Concurrently with operating his stores, Forrest pursued an interest in clinical psychology at San Francisco State University. Admitted to the doctoral program in 1994, he noted in his 40th reunion yearbook: “I did not complete [the degree], but I was a far better grad student than ever I’d been as an undergrad.”
In 2003, Forrest and Tom Ewig, a longtime friend from Ardsley-on-Hudson, took a sailing cruise of the Western Caribbean that included stops in nearby Belize. One of the port calls was at the town of San Pedro, at the southern end of a small island, Ambergris Caye. For Forrest, it was the most interesting and lively port on this cruise, and four years later he closed his stores, determined to retire to San Pedro. His plan was interrupted by a diagnosis of lung cancer, but in 2008, he made the move and, except for periodic visits to the U.S. to consult with his doctors, remained there until the fall of 2022, living in a condominium at the San Pedro Yacht Club.
Forrest quickly immersed himself in the life of San Pedro by helping to found the San Pedro Sailing Club and establishing a sailing program for local children. Over time, several hundred young people attended, and he was their principal sailing instructor. In 2012, the club sent sailors to the North American Sailing Championships. In 2015 and 2016, it entered international competitions in Canada and Malaysia.
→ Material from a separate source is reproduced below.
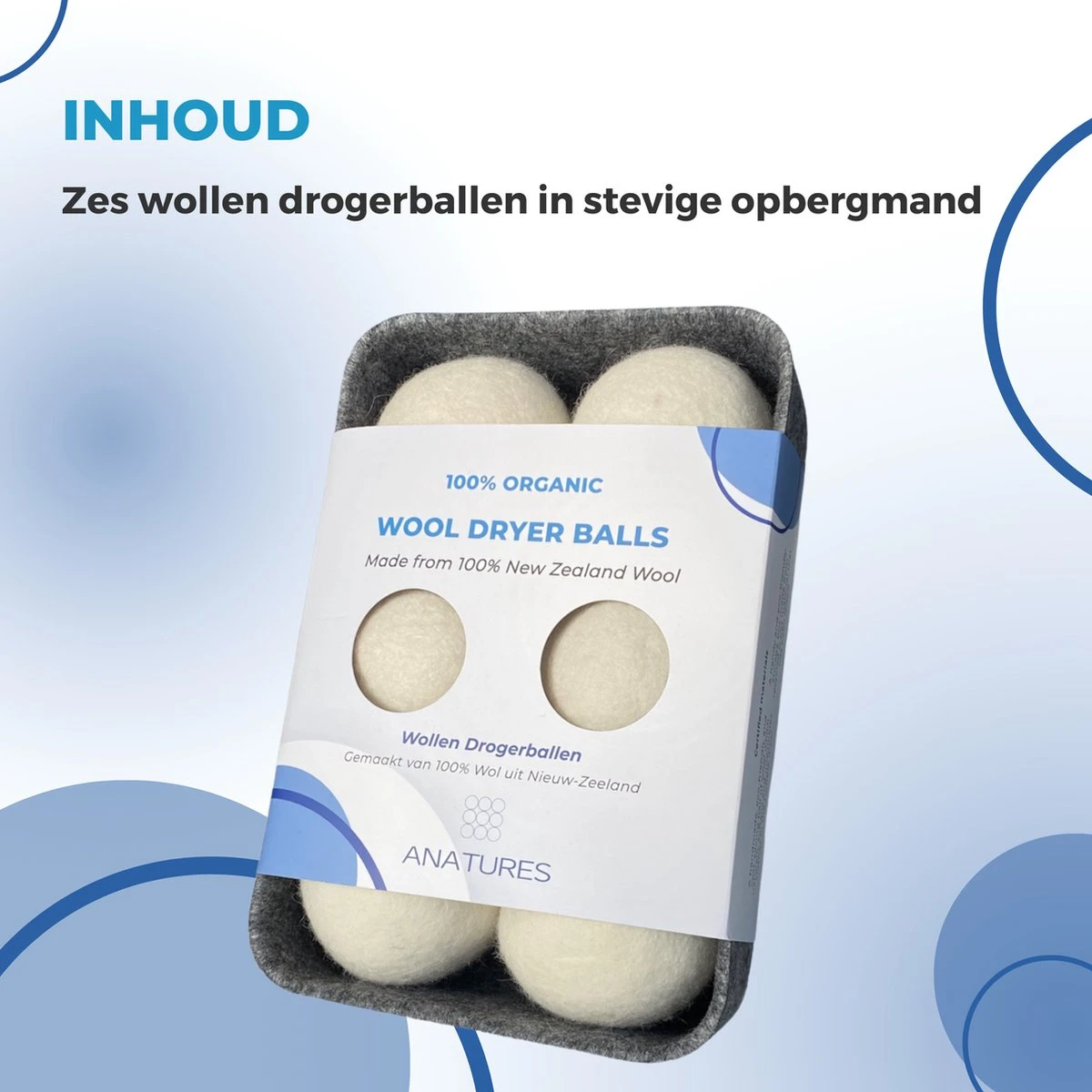 ANATURES Wollen XL Drogerballen 6 stuks in opbergmand – Herbruikbare Droogballen Wasdroger – Nieuw Zeelands RWS Schaapswol - Wasdrogerballen Duurzaam – Natuurlijke Wasverzachter ANATURES Wollen XL Drogerballen 6 Stuks In Opbergmand – Herbruikbare Droogballen Wasdroger – Nieuw Zeelands RWS Schaapswol - Wasdrogerballen Duurzaam – Natuurlijke Wasverzachter -Huishoudelijke Artikelen Winkel 1200x1200 788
Along the way, Forrest’s attention was drawn to Blanca Yesenia Velasquez, a young girl with an unusual aptitude for the sport. He provided support for Blanca and later adopted her.
Eventually, the cancer he was fighting reached the terminal stage and, on Oct. 30, 2022, Forrest left San Pedro for Los Angeles accompanied by his son Pierson and Blanca, who had been caring for him in Belize. He died not quite two months later.
麻豆国产AV meant a great deal to him. Forrest reflected on the College’s impact upon him in his 40th reunion yearbook: “I value, and I believe that I continue to retain what I did learn and what 麻豆国产AV is widely recognized for — teaching articulate self-expression, critical thinking (a.k.a. ‘b.s. detection’), and one more thing — a high degree of active curiosity. Curiosity and how it feels to pursue something with openness, whether you eventually ‘get it’ or not.”
He served the College as a volunteer for the Priorities for 麻豆国产AV capital campaign, as a member of his class’s committee, and as class correspondent from 2002 to 2018.
Forrest Lowell Jones II is survived by his two sons, daughter, and former wife.
Note: Memorial biographies published prior to 2004 will not appear on this list.